The Babylonians built upon Sumerian mathematics, developing it further, and surviving tablets provide evidence of a high level of skill–particularly within geometry. The Babylonians also developed specific units for indicating distances and lengths, which were based on the time it took to reach the location in question. The main unit was the beru, the ‘double-hour’–around ten kilometres.
The Babylonians used this mathematical knowledge to create maps of estates, territories, houses, named streets, temples, and rivers and canals–sometimes even using wavy lines to denote the water. One fragment of a city map is thought to show a temple in Babylon and the surrounding streets; another shows the city of Uruk and a building within it.
The importance of the Babylonian Map of the World has already been noted, but equally important in cartographic history is the first map to indicate the cardinal directions east, west and north, with east at the top. This was discovered close to the city of Kirkuk in northern Iraq. The map was created around the year 2300 BC, and shows a valley with a river running through it. Text in the bottom left corner states that the map is of a place called Mashkan-dur-ibla. At its centre is an area of land specified as measuring 354 iku, or around 12 hectares, and its owner is named as ‘Azala’. Most of the text is otherwise unreadable.

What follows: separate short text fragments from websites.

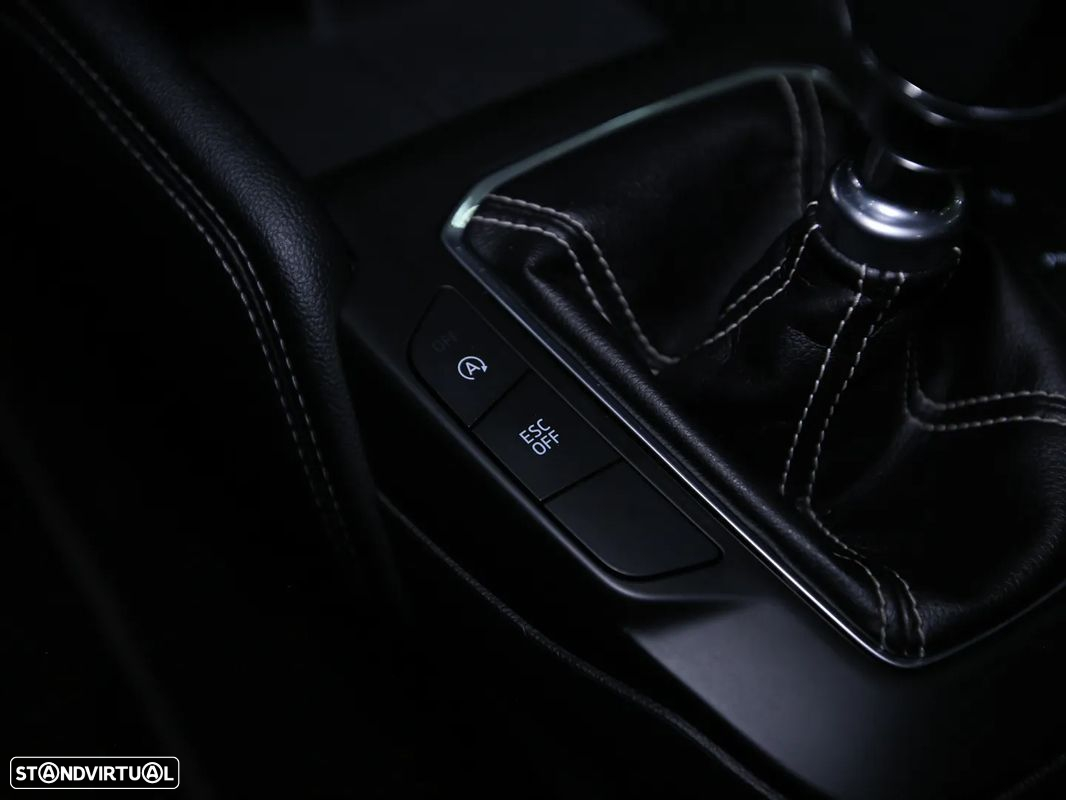 Ford Focus 2.3 EcoBoost S&S ST - 25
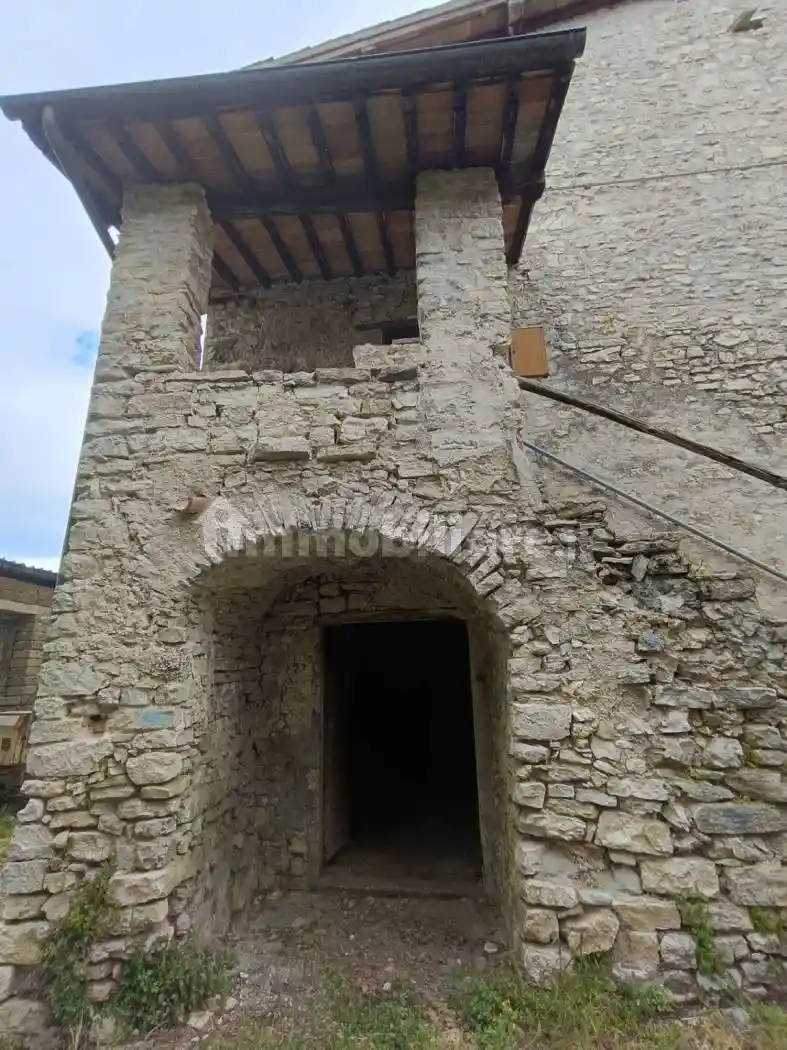 Casale Località Torrecola-Acquaiura 9, Valico della Somma, Cese, Ancaiano, Spoleto - foto 4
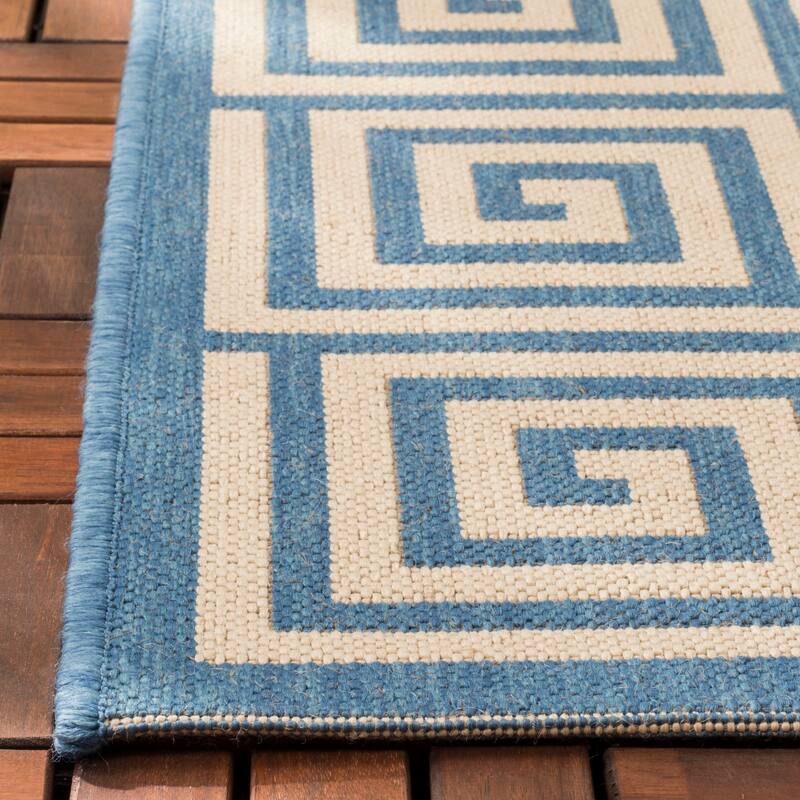 SAFAVIEH Beach House Anarsija Indoor/ Outdoor Waterproof Patio Backyard Rug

If the Babylonians were indeed the first people to indicate compass points on a map, and the Sumerian map of Nippur was created to scale, then two of today’s most important cartographic principles were already being used in ancient Mesopotamia.
THE GOLD MINE MAP | Like the Sumerians and the Babylonians, the ancient Egyptians were a people who undertook agricultural activities beside a great river–they were dependent upon the Nile flooding its banks each year to produce fertile mud for them to cultivate. The floods also resulted in frequent changes to the landscape, and meant that the ancient Egyptians–like the Sumerians and Babylonians–needed to survey their lands.
In his Histories, written between 450 and 420 BC, Greek historian Herodotus wrote about the Egyptian pharaoh Sesostris, stating that he ‘divided the country a
mong all the Egyptians by giving each an equal parcel of land, and made this his source of revenue, assessing the payment of a yearly tax. And any man who was robbed by the river of part of his land could come to Sesostris and declare what had happened; then the king would send men to look into it and calculate the part by which the land was diminished, so that thereafter it should pay in proportion to the tax originally imposed.’
The age of the pharaohs began with the unification of Upper and Lower Egypt in 3100 BC, and the first Egyptian maps were created during this period. Decorations discovered in tombs feature elements of landscapes and buildings drawn both from above and in profile along strips representing the horizon, and may be said to be simple forms of pictorial map. The difference between cities and the countryside is denoted using trees.
The Book of the Dead, a collection of ancient Egyptian funerary texts composed on papyrus around the year 1400 BC, includes a drawing of a garden in which the dead may work. The garden is rectangular and divided by canals, and the use of colour strengthens the impression that the image is a map. Other maps associated with the realm of the dead have been discovered painted inside coffins from around the year 2000 BC, and show a landscape with two paths: one is blue and runs via water, while the other is black and crosses the land. Both paths lead to the god Osiris, ruler of the afterlife.
A map from around 1300 BC shows the military conquest procession of Seti I as it travels past watering holes and boundaries along the desert road to Canaan, where Israel, Palestine and Lebanon are situated today. Seti I’s successor, Ramesses II, attacked a fort in Kadesh, where the Orontes River meets a smaller river near Homs in what is now Syria, and a graphic reproduction of this battle has clear cartographic qualities. The rivers encircle the city, separating the two armies.